DATASET RECORDS:
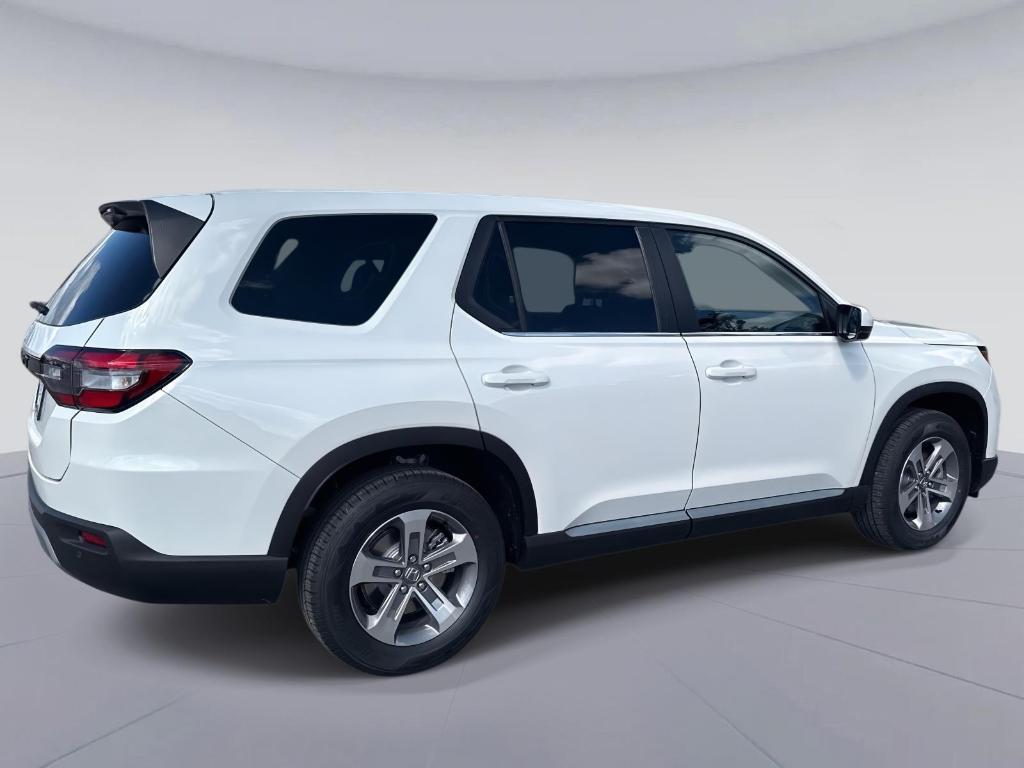 new 2025 Honda Pilot car, priced at $43,950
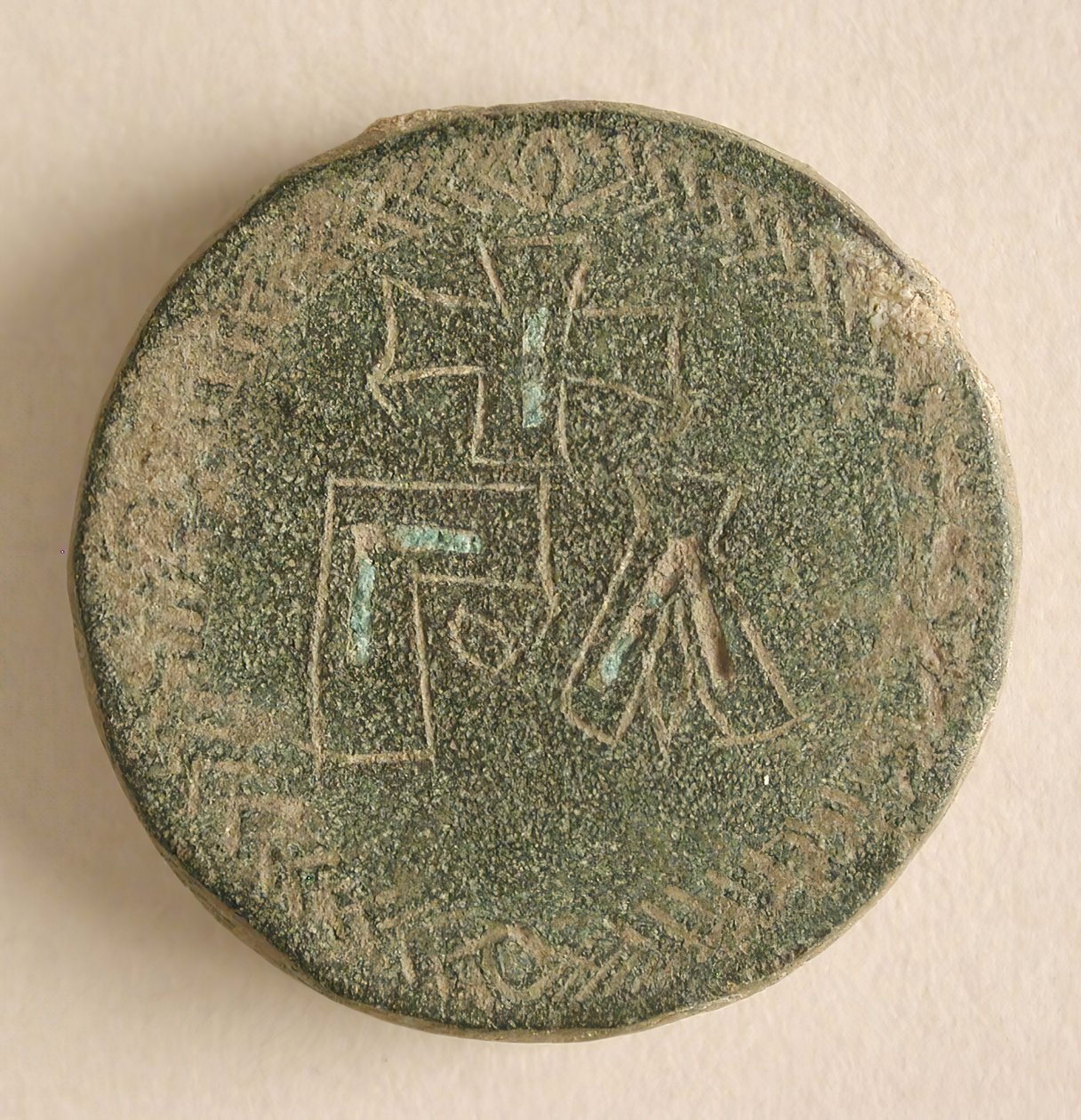 Tři kulatá vyvažovací závaží z měděné slitiny s kříži, byzantské, 8.-9. století. od Unbekannt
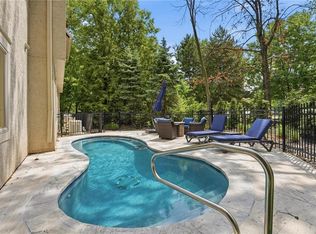 11357 Buena Vista St, Leawood, KS 66211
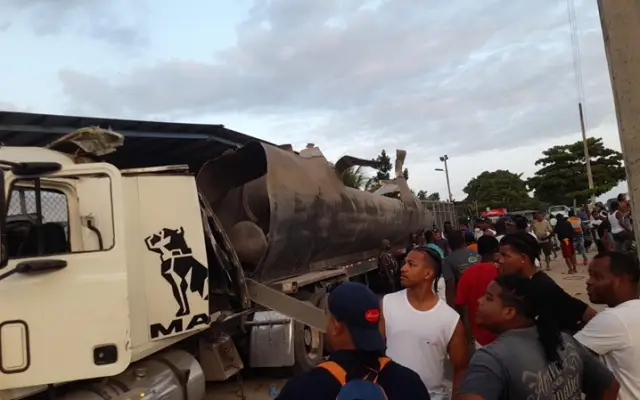 Explosión tanquero de gasolina deja dos muertos y un herido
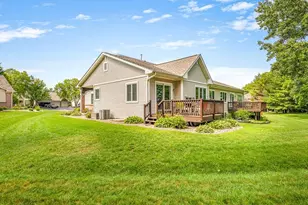 6364 Parks Edge Dr, Loves Park, IL 61111 - Photo 5
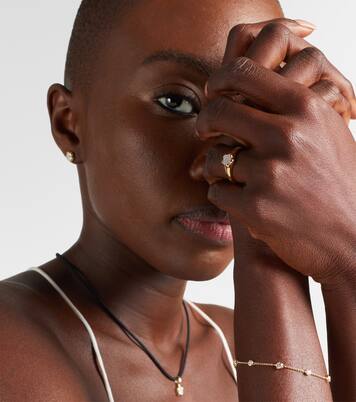 Ring Crosby aus 10kt Gelbgold (417/1000) mit Diamanten | Stone and Strand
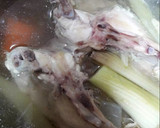 Foto del paso 1 de la receta: Sopa de verduras tipo Chupe con leche y huevos#porunmundomejor
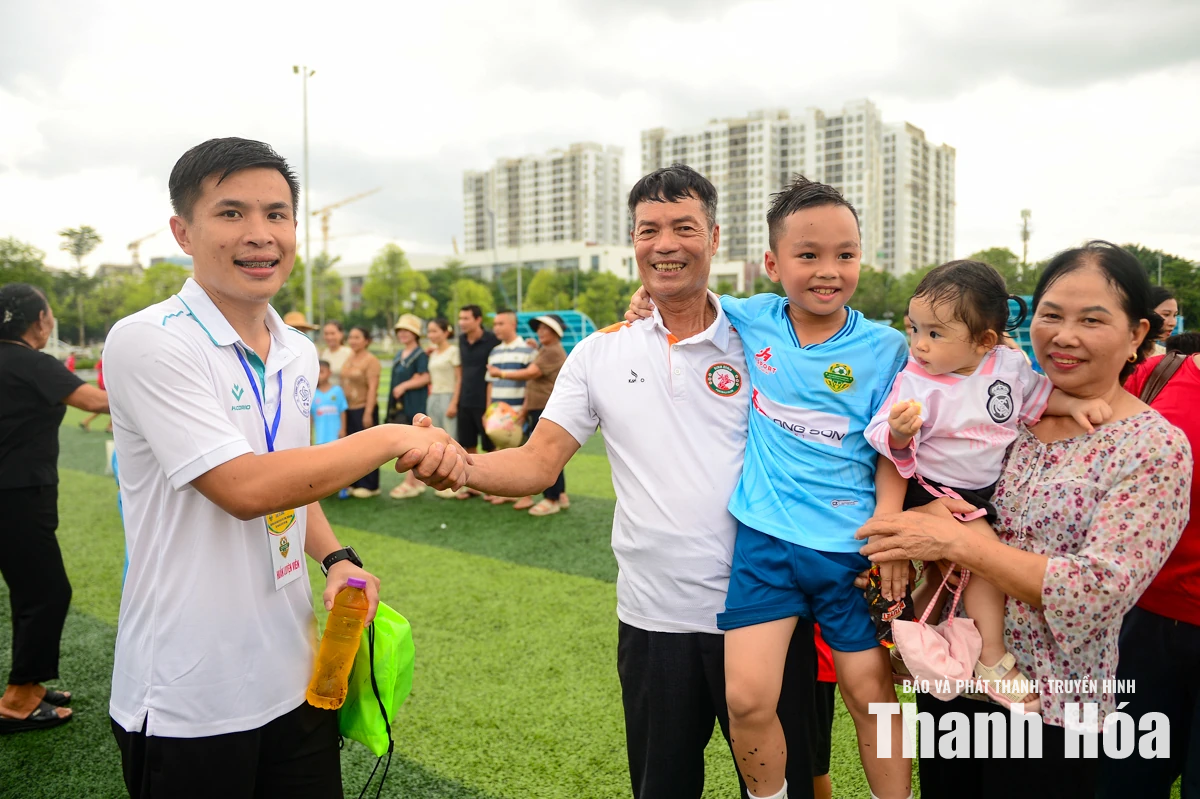 Vỡ òa cảm xúc trong ngày đăng quang Giải Bóng đá Nhi đồng Báo và Phát thanh, truyền hình Thanh Hóa lần thứ V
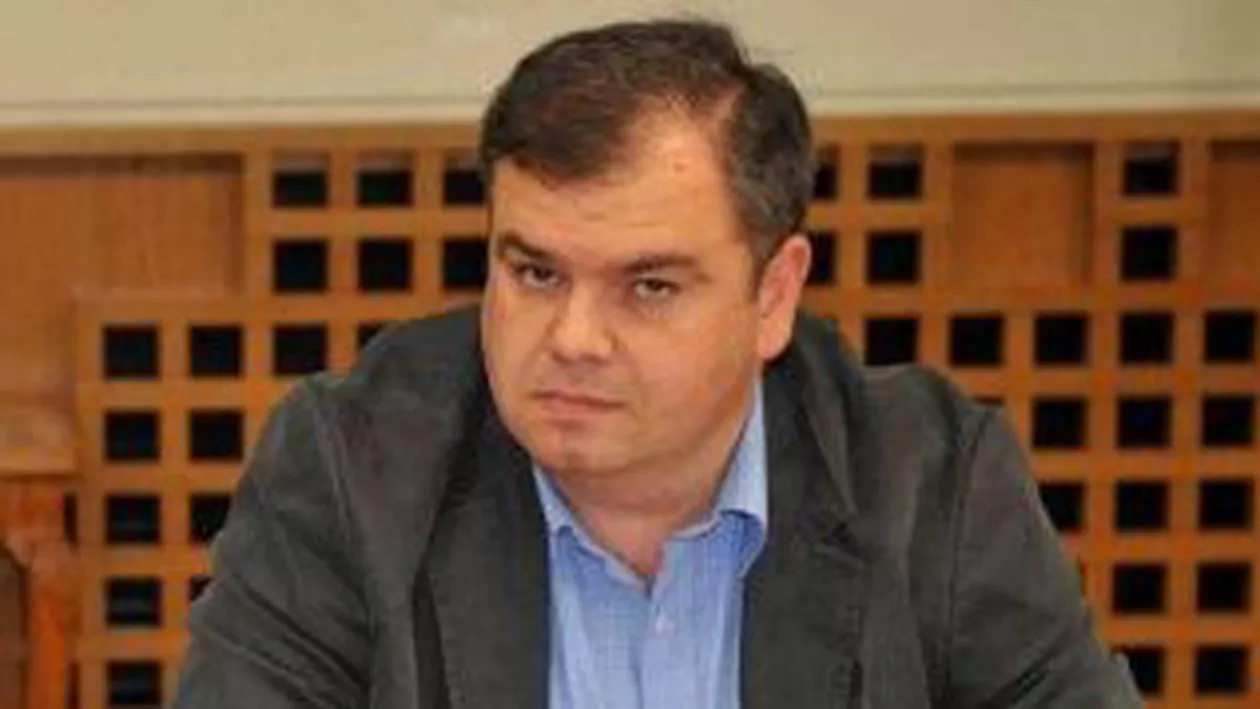Liderul deputaților UDMR, Mate Andras: Nu suntem de acord cu împărțirea României în 8 regiuni și alegeri indirecte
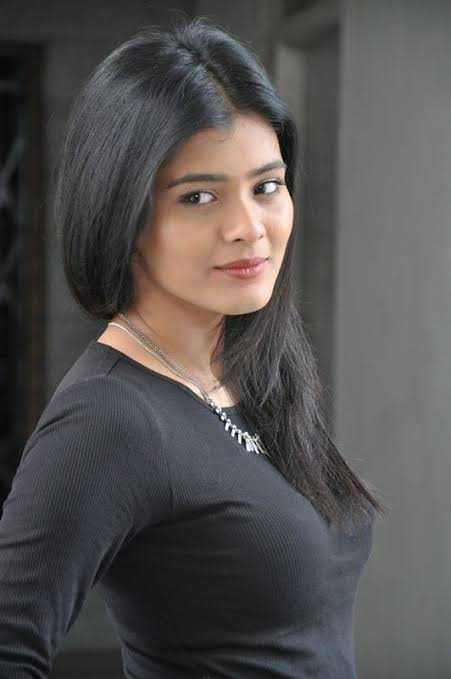 Hebah Patel - Biography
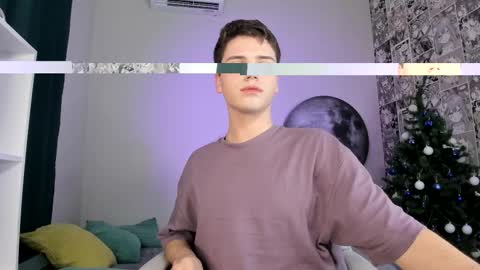 Snapshot of olie_sparkle chatting on December 15, 9:41 pm Olie online show from December 15, 9:41 pm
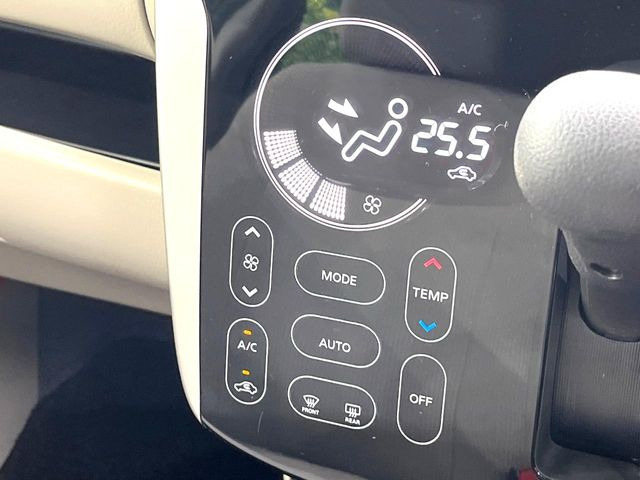 【オートエアコン】一度お好みの温度に設定すれば、車内の温度を検知し風量や温度を自動で調整。暑い&hellip;寒い&hellip;と何度もスイッチ操作をする必要はありません。快適な車内空間には必須の機能ですね♪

TASK GOAL:
To complete the exercise, return the listing above exactly and omit its pictures.

WRITTEN ANSWER:
 new 2025 Honda Pilot car, priced at $43,950
 Tři kulatá vyvažovací závaží z měděné slitiny s kříži, byzantské, 8.-9. století. od Unbekannt
 11357 Buena Vista St, Leawood, KS 66211
 Explosión tanquero de gasolina deja dos muertos y un herido
 6364 Parks Edge Dr, Loves Park, IL 61111 - Photo 5
 Ring Crosby aus 10kt Gelbgold (417/1000) mit Diamanten | Stone and Strand
 Foto del paso 1 de la receta: Sopa de verduras tipo Chupe con leche y huevos#porunmundomejor
 Vỡ òa cảm xúc trong ngày đăng quang Giải Bóng đá Nhi đồng Báo và Phát thanh, truyền hình Thanh Hóa lần thứ V
Liderul deputaților UDMR, Mate Andras: Nu suntem de acord cu împărțirea României în 8 regiuni și alegeri indirecte
 Hebah Patel - Biography
 Snapshot of olie_sparkle chatting on December 15, 9:41 pm Olie online show from December 15, 9:41 pm
 【オートエアコン】一度お好みの温度に設定すれば、車内の温度を検知し風量や温度を自動で調整。暑い&hellip;寒い&hellip;と何度もスイッチ操作をする必要はありません。快適な車内空間には必須の機能ですね♪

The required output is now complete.